CHRISTMAS CAKE
I have been cooking my Christmas cake in the solar oven for years. The cooking time in an Australian summer at my latitude is equivalent to the time it takes in a conventional oven, the house doesn’t heat up and we use free, non-polluting energy. Made with love and no extra packaging!!
FRUIT
375g raisins
375g sultanas
125g mixed peel
125g glace cherries
60g dates
60g pitted prunes
3Tbs brandy or rum
3Tbs sherry
CAKE MIXTURE
250g butter
¾ cup brown sugar
Grated rind of 1 lemon
1 Tbs golden syrup
2 Tbs marmalade
5 eggs
2 ½ cups of plain flour
1 tsp mixed spice
1 tsp cinnamon
¼ tsp salt
60g blanched almonds
Extra almonds
Extra brandy
Method
1. Chop fruit into small pieces and soak in sherry and brandy overnight
2. Soften or melt butter in solar oven
3. Beat in the sugar and lemon rind
4. Add golden syrup, marmalade and beat in one egg at a time
5. Add 1 Tbs flour.
6. Add mixed flour, salt and spices alternately with fruit and almonds
7. Spoon mixture into a lined and oiled 20cm square tin.

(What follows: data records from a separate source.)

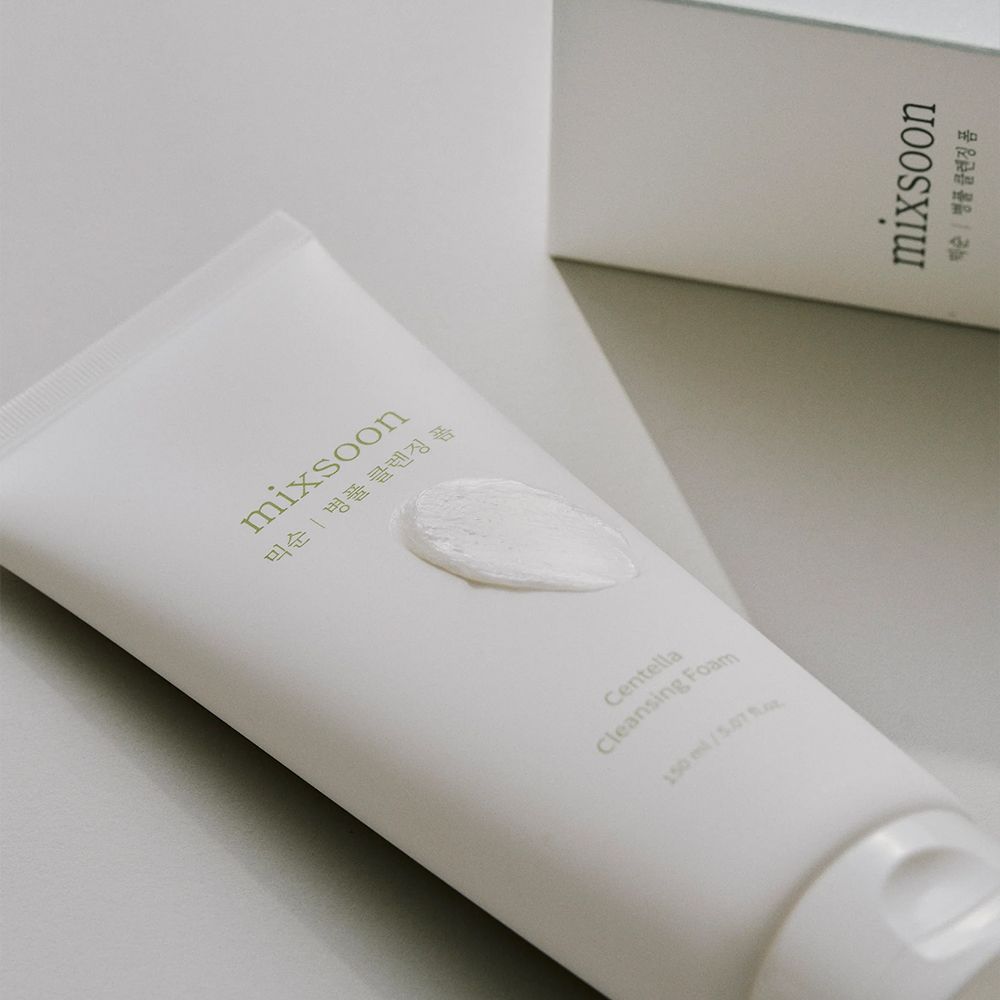 Tube mit Centella Cleansing Foam von mixsoon, mit einem Klecks Schaum auf der Vorderseite.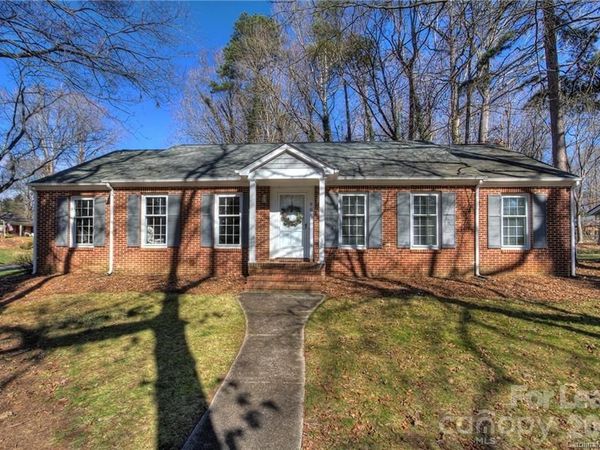 901 Winter Wood Drive, Matthews, NC 28105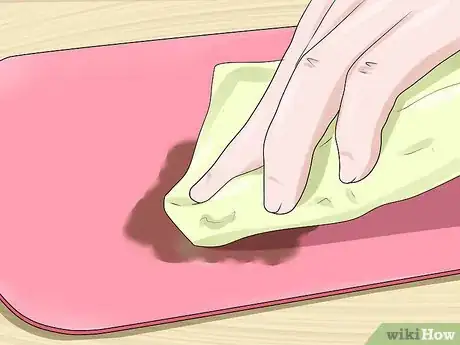 Imagen titulada Clean Place Mats Step 2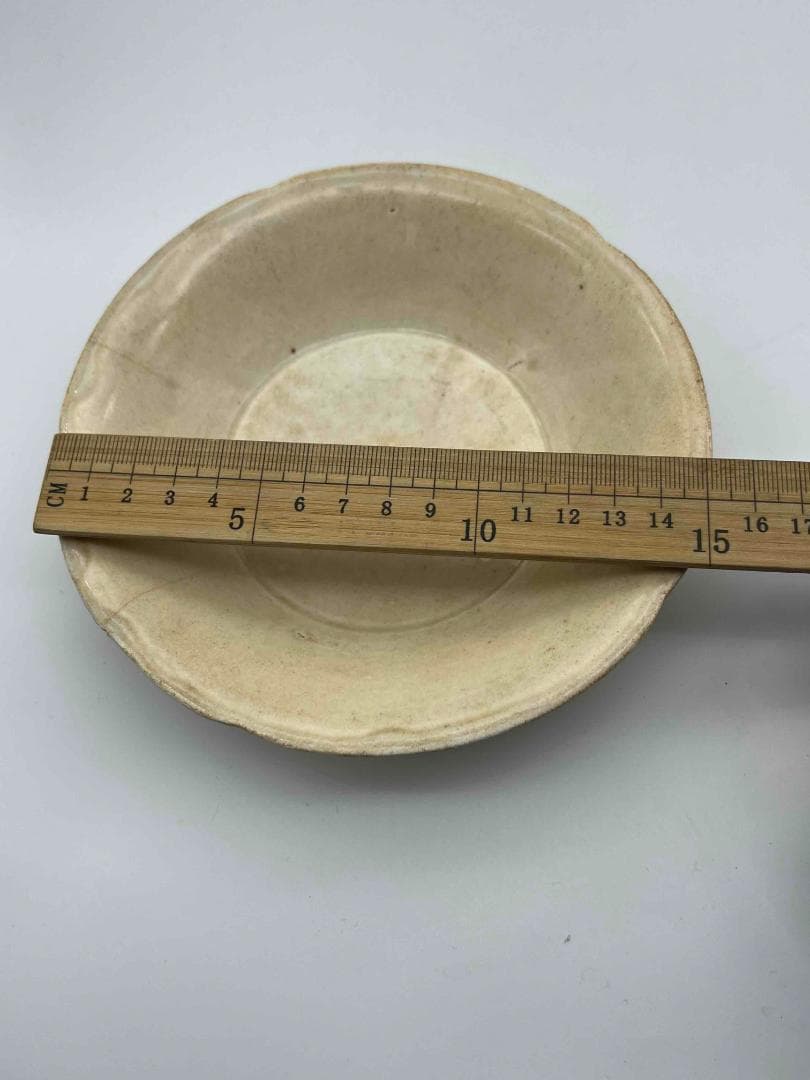 宋時代　定窯　白磁葵口皿 盞　影青　景徳鎮　唐物　古賞物　時代物(E-92)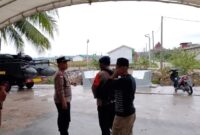 Kapolsek Sagulung Iptu Donald Tambunan saat meninjau kondisi lokasi buaya di Perumahan Muka Kuning Pratama Kelurahan Sei Langkai, Kecamatan Sagulung. Matapedia6.com/ Dok Polsek Sagulung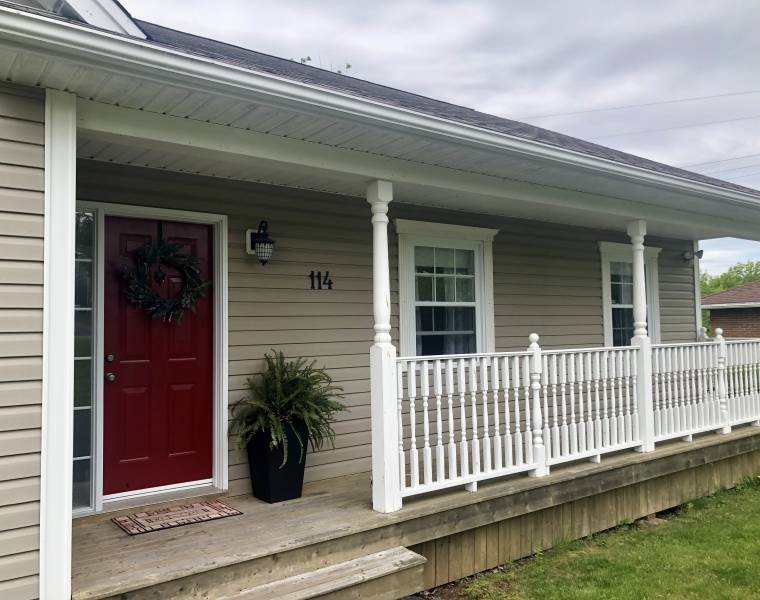 114 Oakes Road, Fall River, Nova Scotia B2T 1J5 Ansell Property Management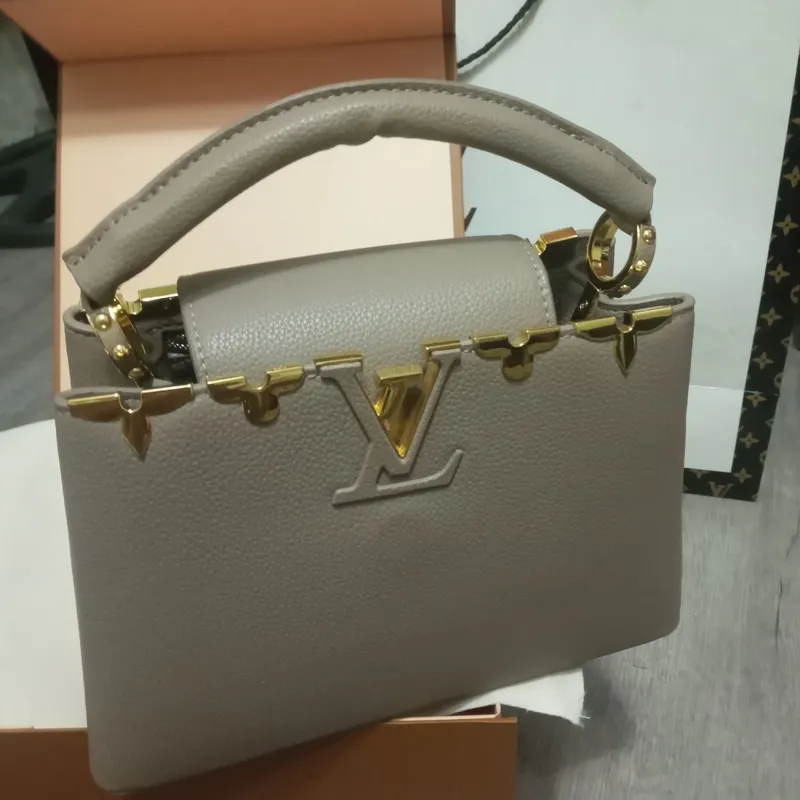 Louis Vuitton sumkasi 4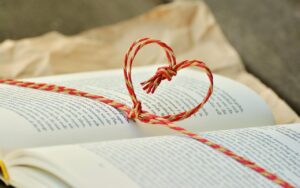 股関節がガチガチなあなたへ！解消するためのストレッチ方法は？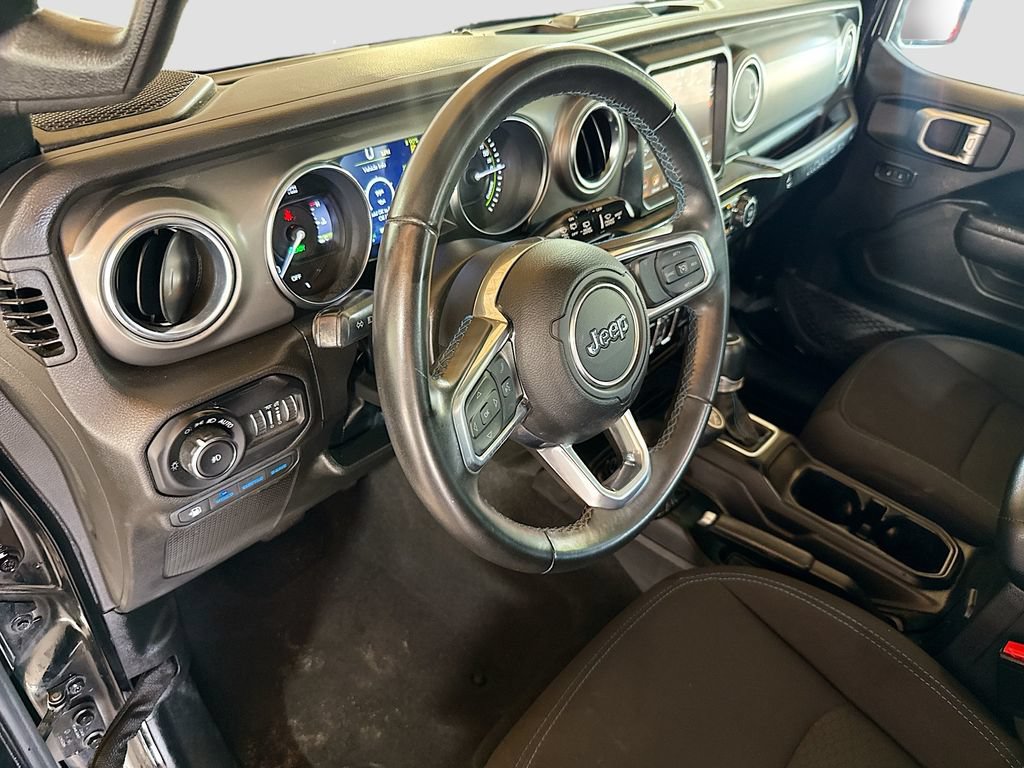 Used 2022 Jeep Wrangler Unlimited Rubicon 4xe AWD/4WD image 10
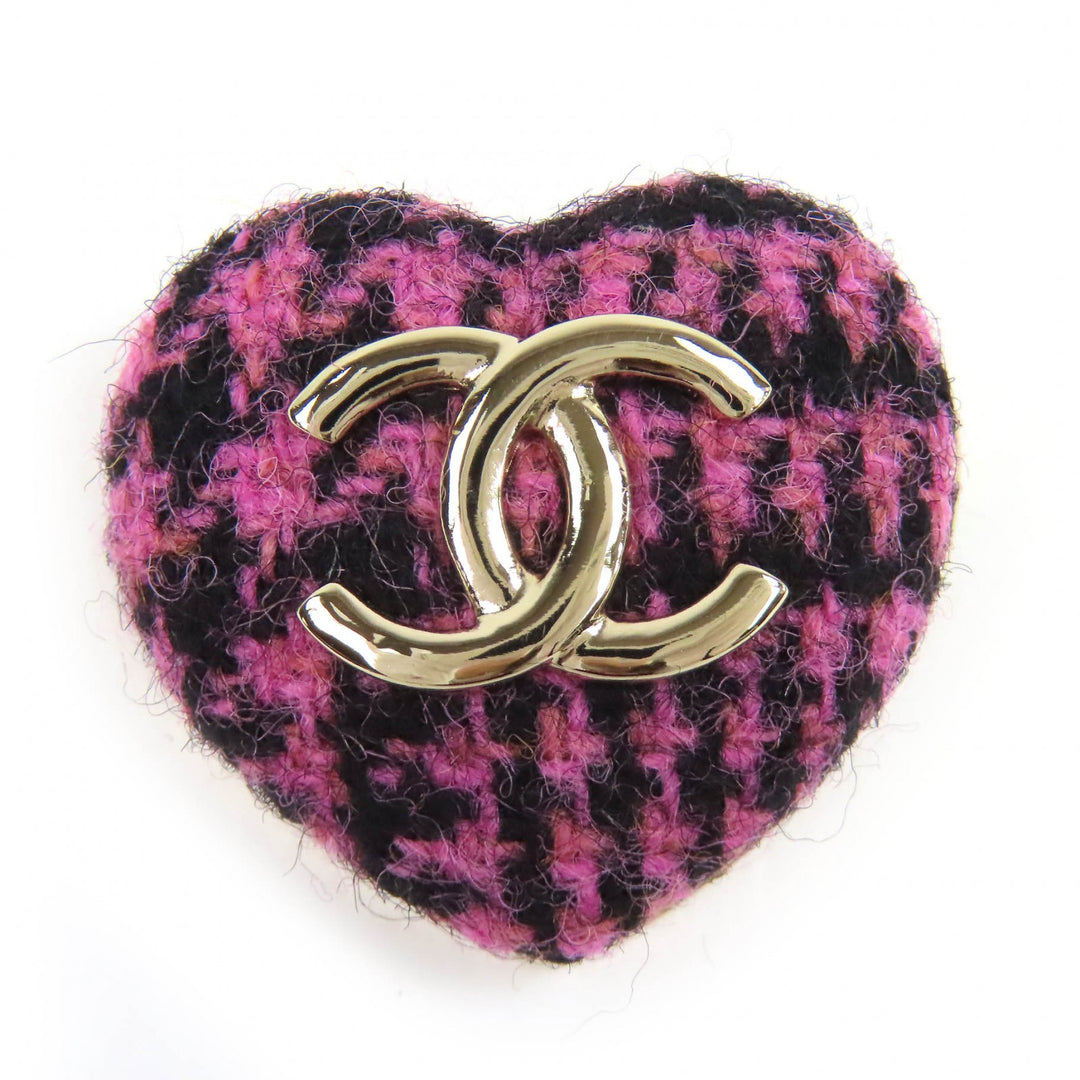 Excellent CHANEL Brooch COCO Mark Heart-shaped Tweed pink Women B22K AB9496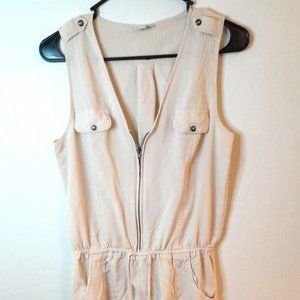 Guess Tank Romper zipper front. Tan with pockets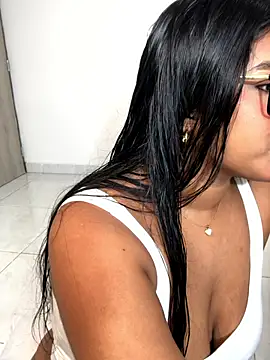 AnaBrowmn online show from January 2026 12:07:02 PM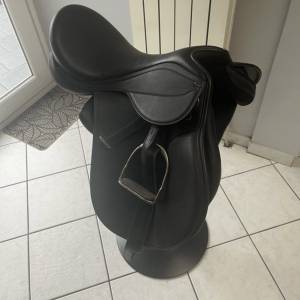 Selle mixte Norton synth&eacute;tique 17,5 pouces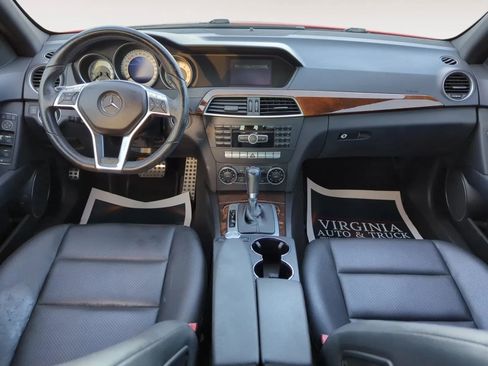 Used 2014 Mercedes-Benz C 250 Sedan image 4
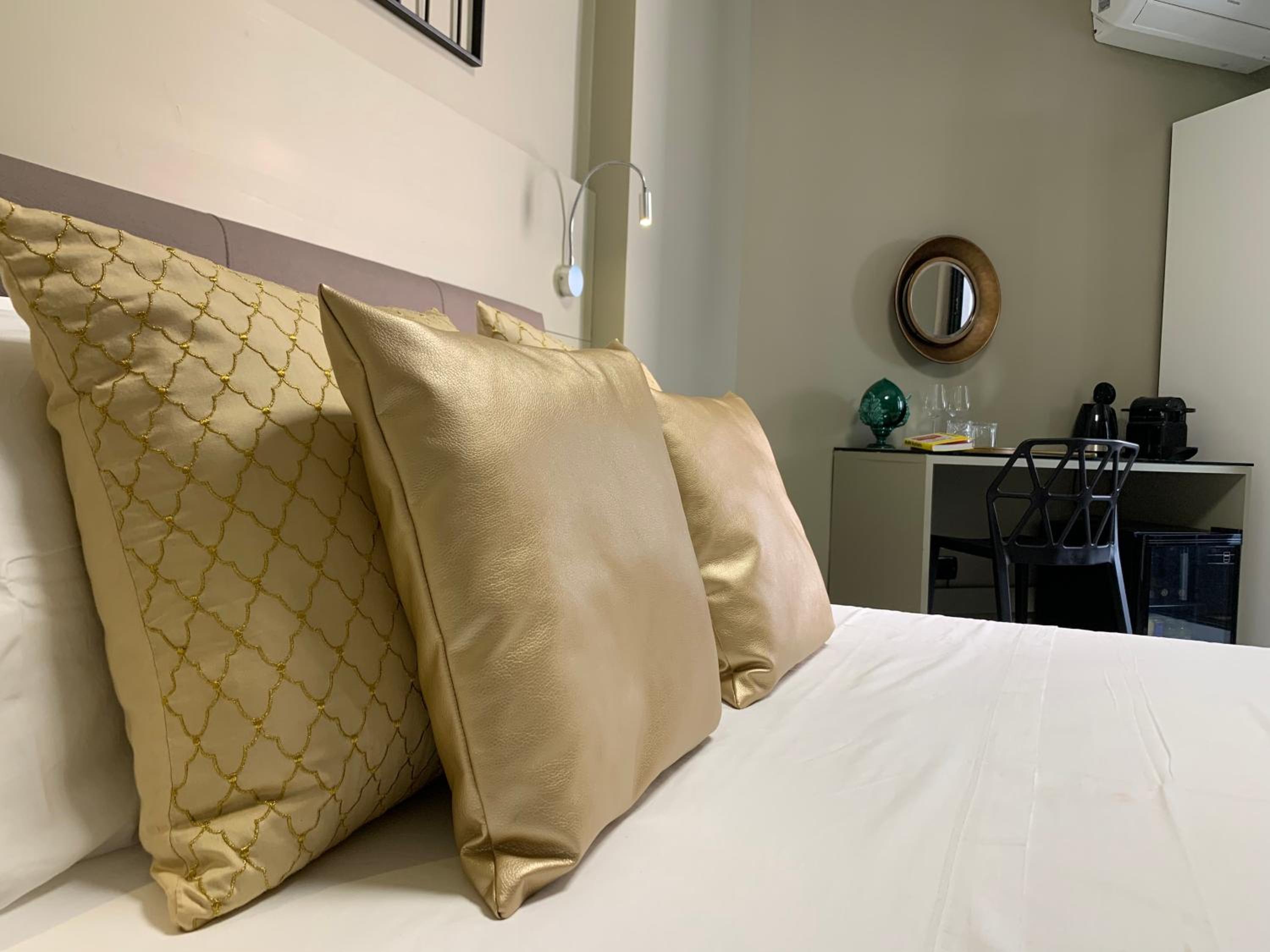Double Room with Balcony - Photo 2
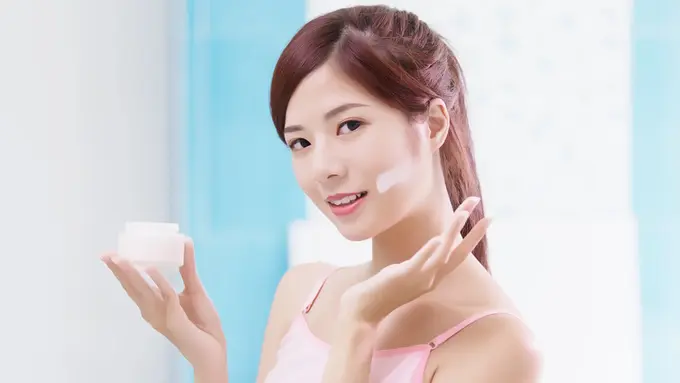 =3 Kandungan Alami Memiliki Banyak Manfaat untuk Merawat Kulit Wajah ada Pada Skincare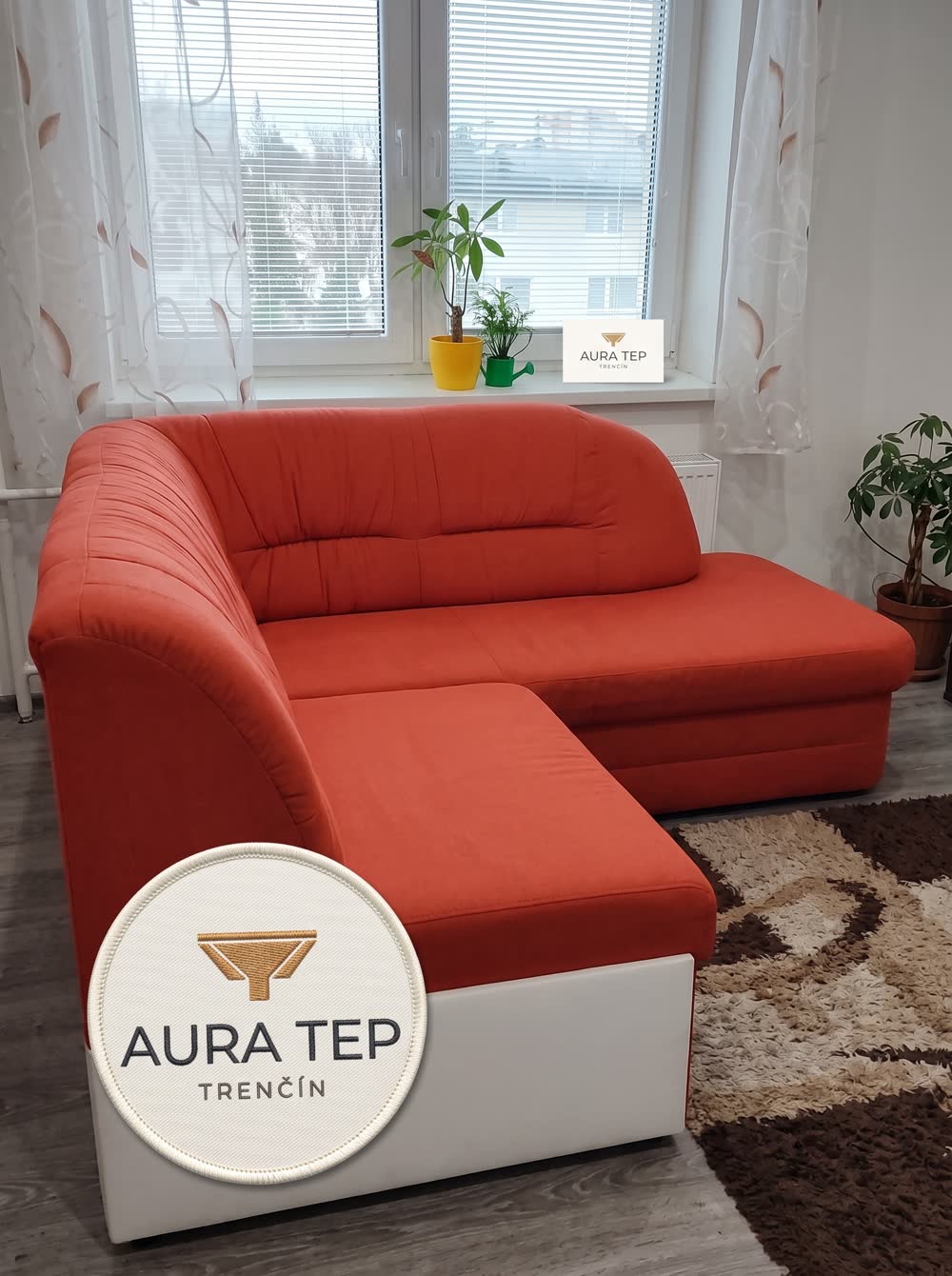 Vyčistená rohová sedačka po tepovaní — AURA TEP Trenčín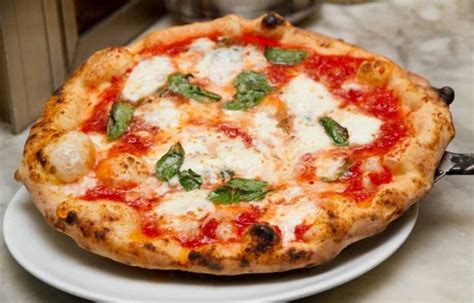 Italy Pizza 30 Iconic Pizza Styles You Will Find On The Menu In Italy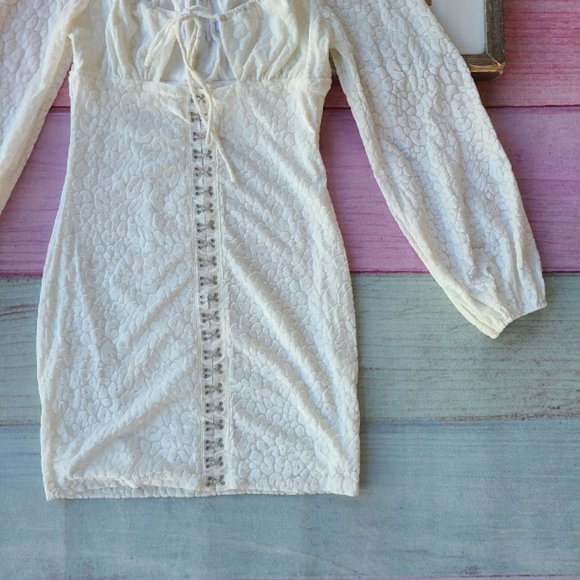 Princess Polly White Don't Be Salty Burnout Velvet Cutout Bodycon Mini Dress 6US - Picture 8 of 11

8. Pat the top smooth with a wet hand.
9. Settle the mixture by letting it drop 20 cm to a flat surface
10. Arrange almond decoratively
11. Place in the solar oven in good sunny spot on a still day by 11 am EST Summer for about 3 – 4 hours, checking orientation.
Note: A traditional way of checking whether a cake is cooked is to put a straw or fork into the middle of the cake, if it comes away clean it is cooked and if it comes away with crumbs the cake needs more cooking.